Web page caption snippets:
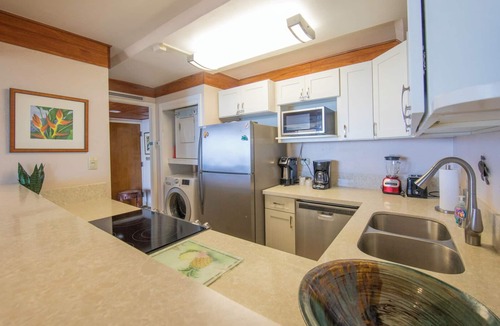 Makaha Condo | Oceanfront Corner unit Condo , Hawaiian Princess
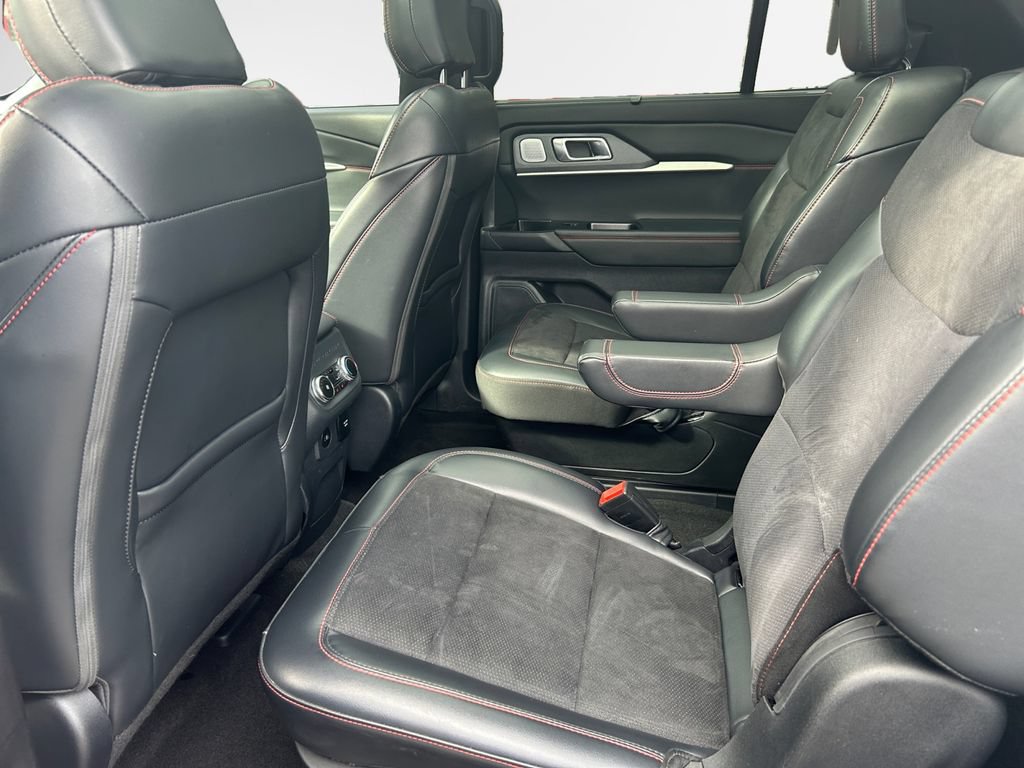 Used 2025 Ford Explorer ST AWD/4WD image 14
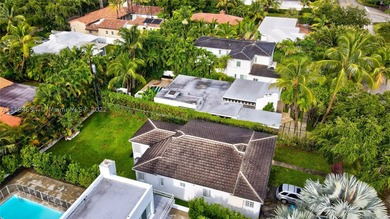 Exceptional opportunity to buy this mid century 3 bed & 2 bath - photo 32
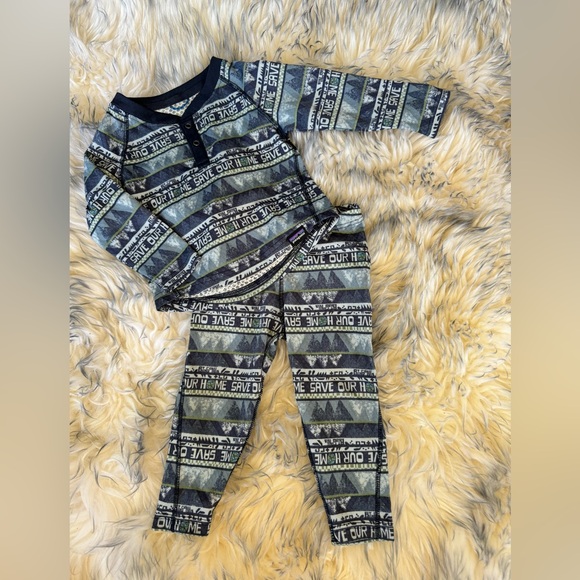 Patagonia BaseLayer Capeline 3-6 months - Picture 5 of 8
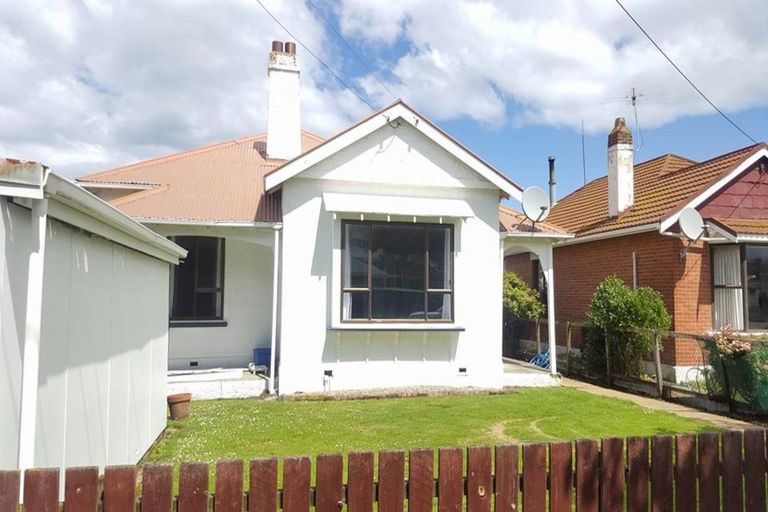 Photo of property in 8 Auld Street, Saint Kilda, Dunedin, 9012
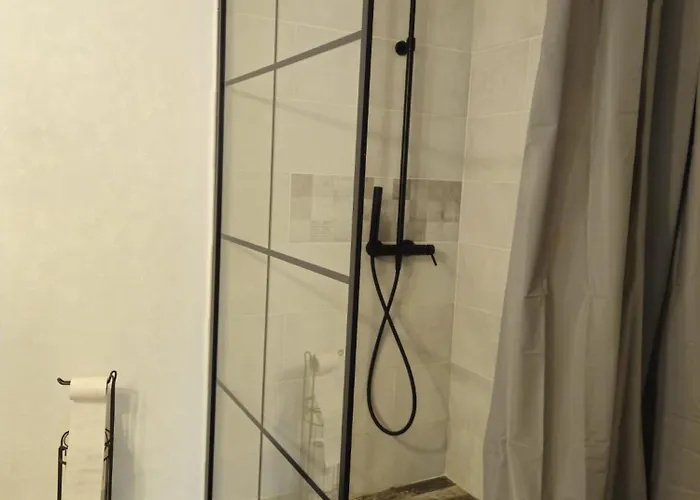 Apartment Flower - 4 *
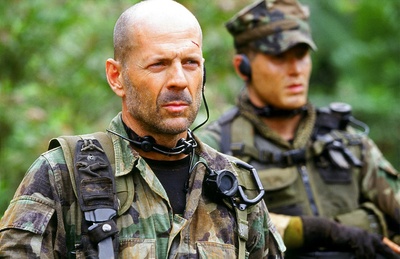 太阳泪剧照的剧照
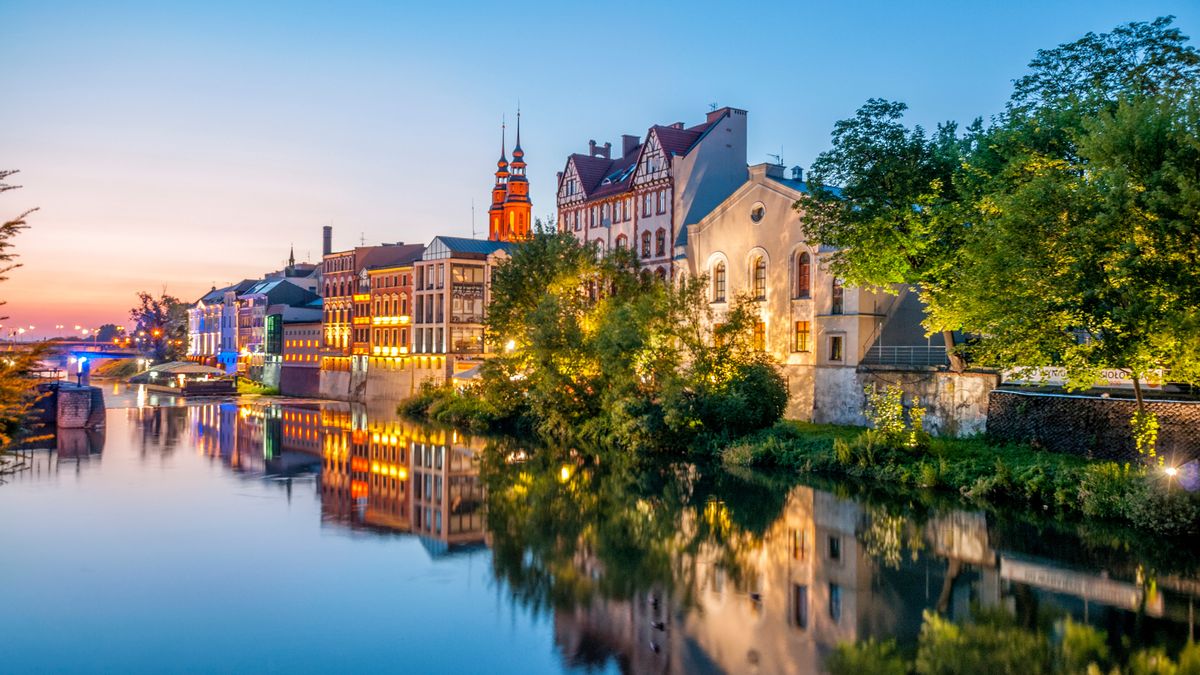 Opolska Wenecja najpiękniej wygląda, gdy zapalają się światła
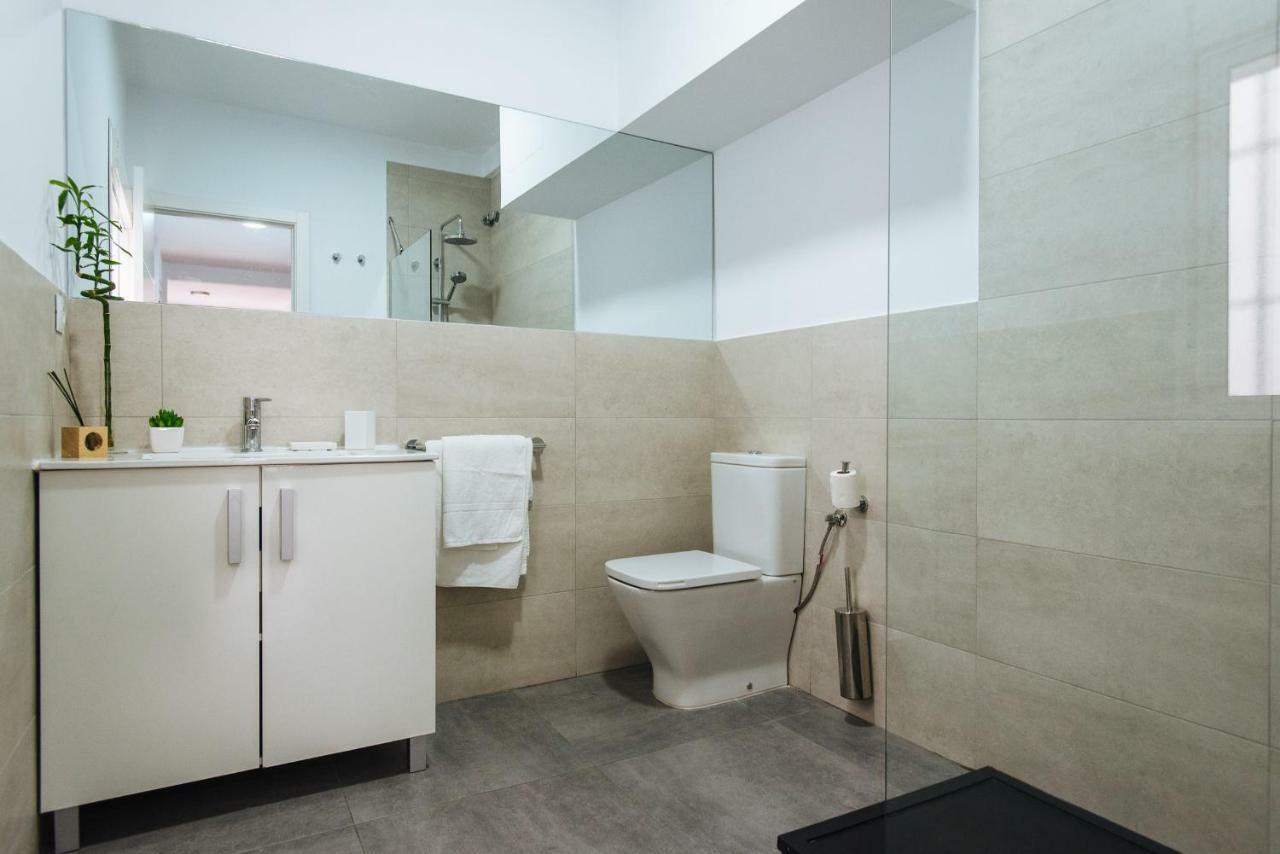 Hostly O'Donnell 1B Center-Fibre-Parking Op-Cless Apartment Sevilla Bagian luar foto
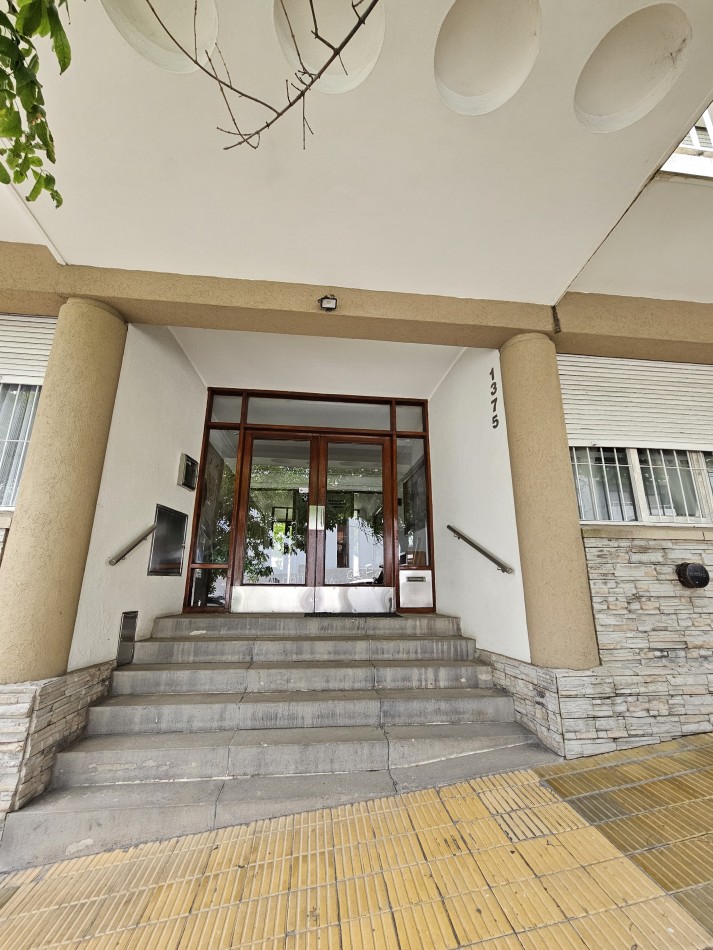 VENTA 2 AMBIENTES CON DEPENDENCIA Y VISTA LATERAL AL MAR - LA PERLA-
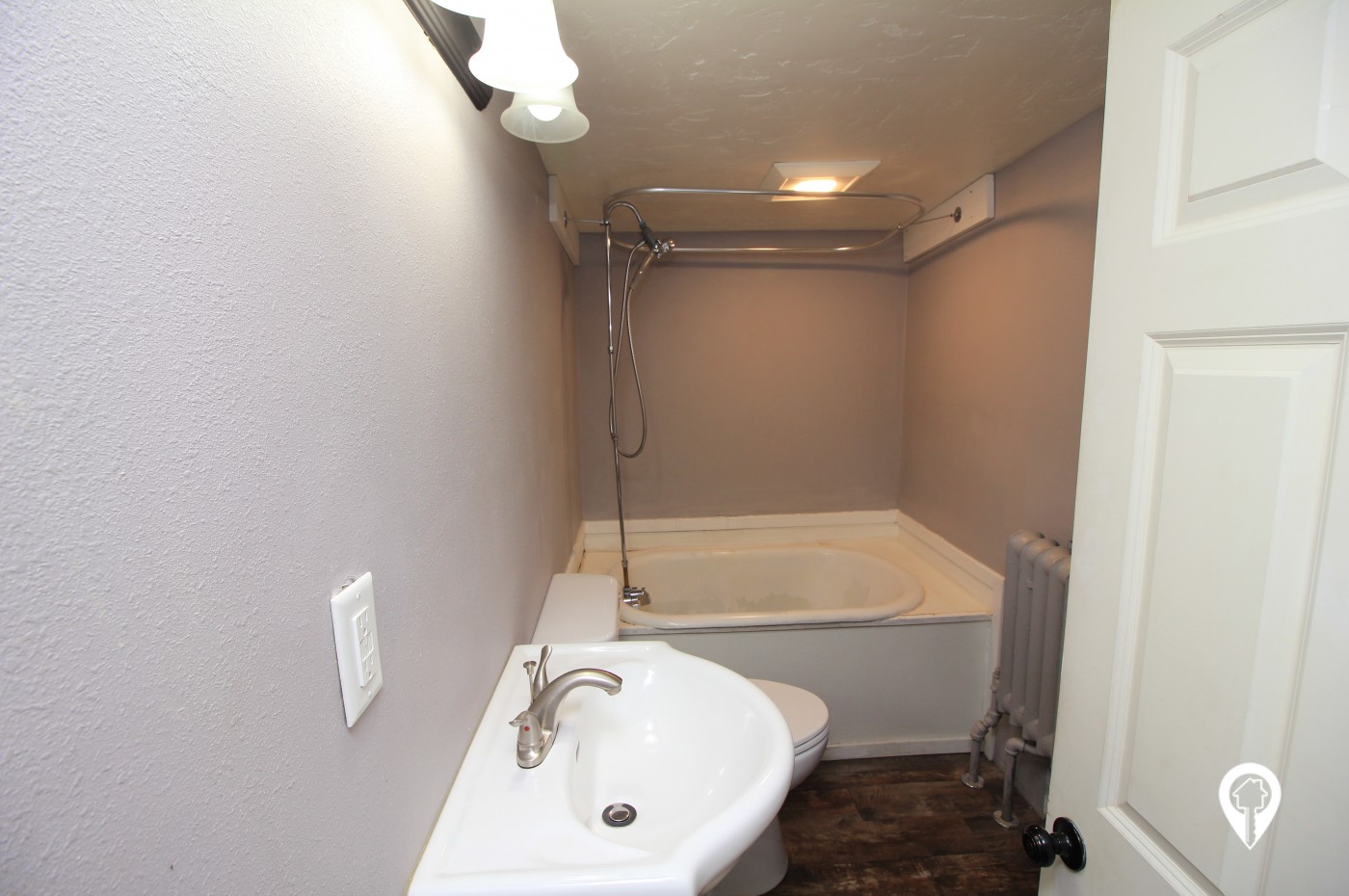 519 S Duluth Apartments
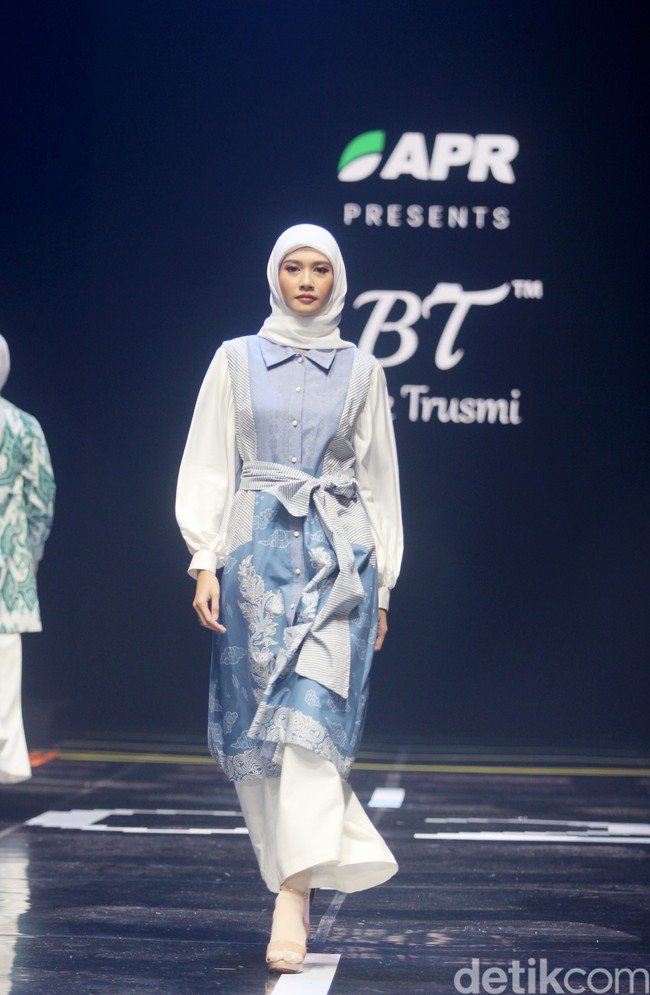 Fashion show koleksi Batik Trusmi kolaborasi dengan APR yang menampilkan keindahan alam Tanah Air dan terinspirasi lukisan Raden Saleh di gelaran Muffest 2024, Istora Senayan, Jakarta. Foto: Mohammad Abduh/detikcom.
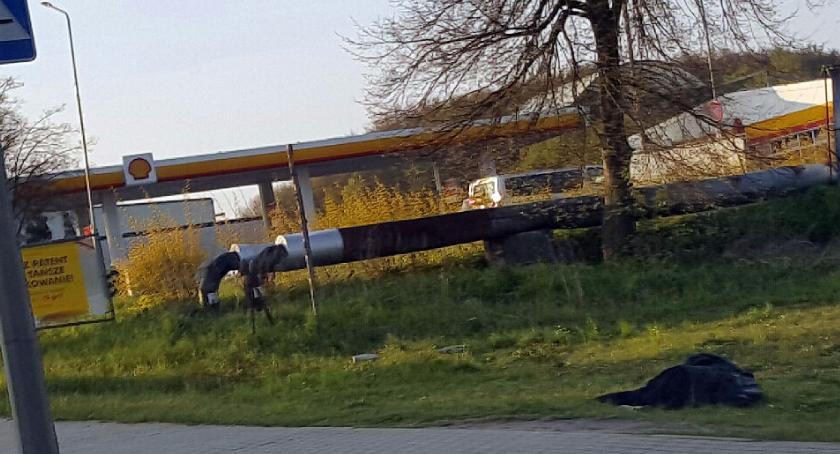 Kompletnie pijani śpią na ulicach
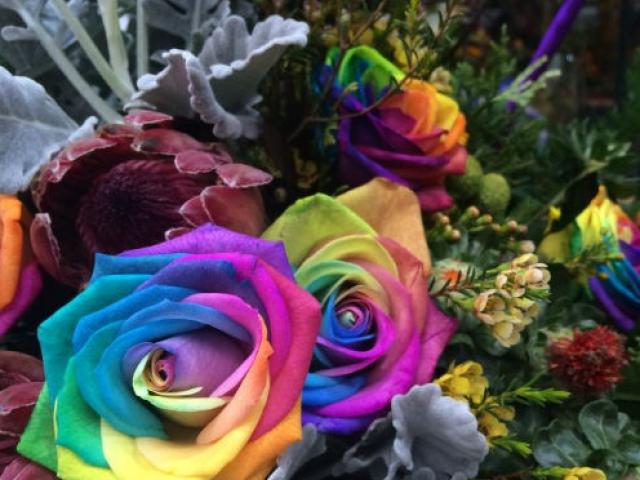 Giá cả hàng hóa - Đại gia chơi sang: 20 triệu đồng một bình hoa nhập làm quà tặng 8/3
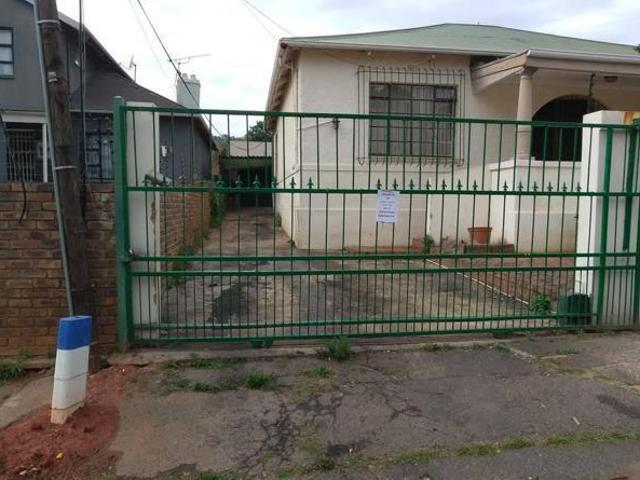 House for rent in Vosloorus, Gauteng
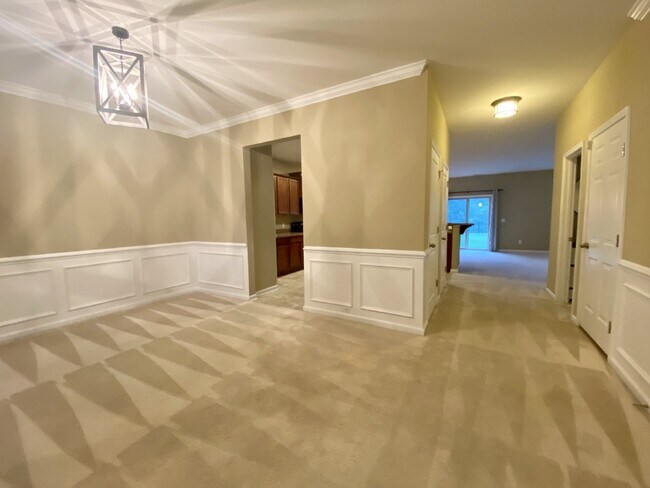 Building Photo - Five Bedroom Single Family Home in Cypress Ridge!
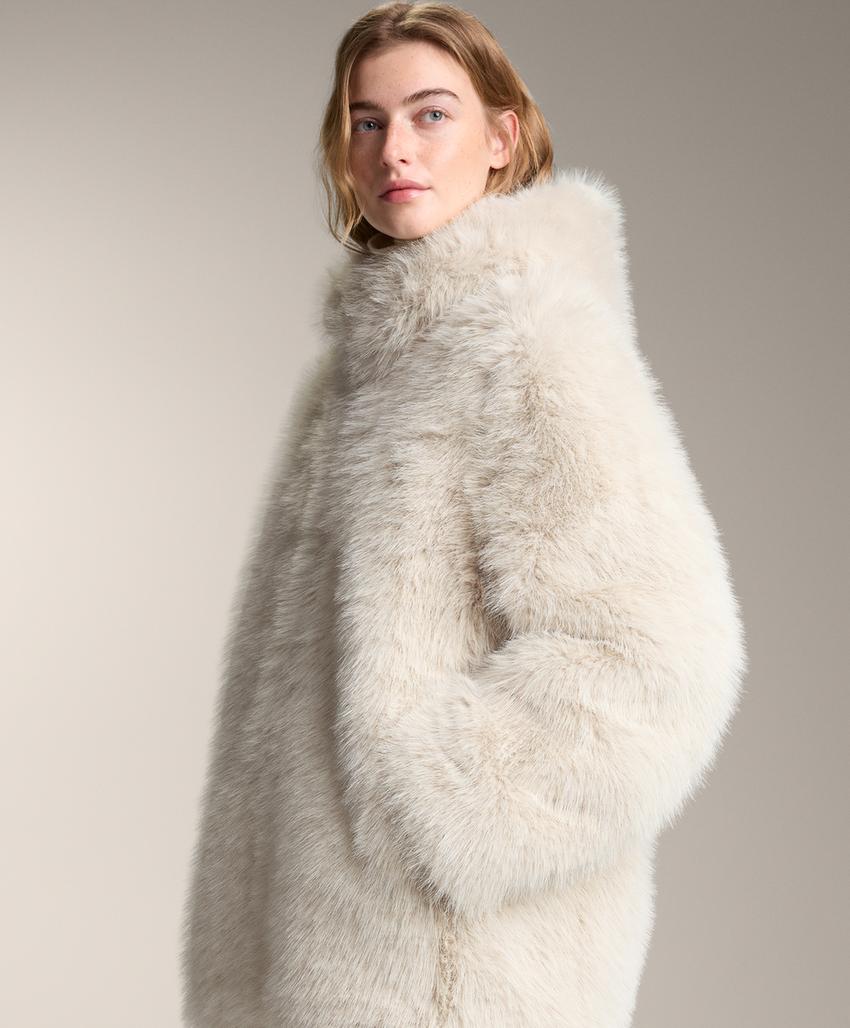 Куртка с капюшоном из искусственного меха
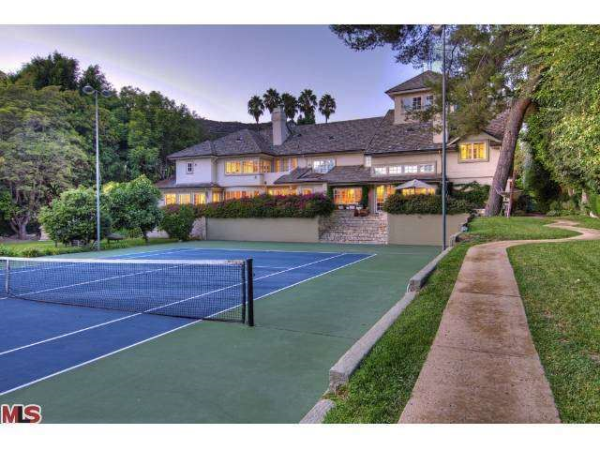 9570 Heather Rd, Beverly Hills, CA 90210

EXERCISE DIRECTIONS: Give exactly the lines above that run from the line with "Giá cả hàng" to the line with "Куртка с капюшоном из искусственного меха", both included, leaving every picture out.

RESPONSE TO THE EXERCISE:
 Giá cả hàng hóa - Đại gia chơi sang: 20 triệu đồng một bình hoa nhập làm quà tặng 8/3
 House for rent in Vosloorus, Gauteng
 Building Photo - Five Bedroom Single Family Home in Cypress Ridge!
 Куртка с капюшоном из искусственного меха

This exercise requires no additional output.